So, I have a /root and a /home logical volume
Full disk backup with dd
Every so often (~monthly), I boot my laptop from my USB drive to the archiso image (using ventoy).
I then make a full-disk copy of my laptop to an external drive with a command like dd if=/dev/nvme0n1 of=/dev/sdc bs=16m conv=fsync status=progress
Benefits:
- Simple technology, not much to go wrong (assuming you don’t clone the wrong disk)
- Backups are encrypted since my main partition is encrypted
- Verification is easy: I can just boot off the external hard drive and verify the backup works
- Restoration is straightforward: dd the data back to the laptop
Cons:
- Takes a long time
- Manual process of rebooting, typing commands into archiso
- Doesn’t help if the house burns down
Cloud backups (restic + backblaze)
I also sync my /home directory to backblaze with restic on an hourly basis.
Benefits:
- Encrypted backups
- Only need to upload what changes
- Can retrieve multiple versions of what’s changed
- Reap old snapshots
Cons:
- Takes a bit of fiddling to set up yourself
- Not a full system backup, just my user files that I care about
Snapshots
Updates break things - sad fact of life on linux. One of the easiest ways to take before/after snapshots and revert if things go poorly. There’s all sorts of technologies out there - timeshift, snapper, etc. but I ended up rolling my own thing. I wanted to: not think about things, and be able to restore easily, without needing to carry around a USB stick all the time.
Bootloader snapshots with systemd-boot-lifeboat
When the computer first turns on, the UEFI runs your initial code to turn the computer on. For linux, that typically includes files on the /efi partition, managed by a bootloader (grub,systemd-boot, refind, etc.)
The important bit is every time you update your kernel (and sometimes in-between), this initial environment is updated. So, if you need to roll back a kernel update, you need to roll back both /root as well as your /efi partition.
I created systemd-boot-lifeboat to keep the last 3 bootloaders around on the system.
For example, my current boot, as well as the previous two times the bootloader changed are automatically stored
ls /efi/loader/entries
arch-fallback.conf arch_signed.conf lifeboat_1664922628_arch_signed.conf lifeboat_1664922766_arch_signed.conf
(Note that this only works if your bootloader is systemd-boot, not e.g. grub)
Root snapshots with lvm-autosnap
I also created lvm-autosnap to handle snapshotting LVM volumes. The idea here is that every boot, during the bootloader (before the root volume is even mounted), the code automatically takes a snapshot.

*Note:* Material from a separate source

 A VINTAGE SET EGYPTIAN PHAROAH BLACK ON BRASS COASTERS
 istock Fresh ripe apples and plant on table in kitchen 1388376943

If the machine fails to reach the desktop more than a few times in a row, then the computer will automatically offer to restore to a previous snapshot. Basically as long as the bootloader is in a good spot, this allows you to restore the system to a working state. (And if the bootloader is bad that’s what I have systemd-boot-lifeboat for)
Conclusion
I have multiple copies of my data that are securely stored (e.g. encrypted) that can address different failure modes.
“Oh no I deleted my document by accident” → restore from the cloud
“Installing this package messed up my system” → restore from a snapshot
“Something really bad happened” → restore to an exact working copy from ~2 weeks ago
My suggestion is to figure out what failure cases you’re worried about, and then design your backup strategy around those cases.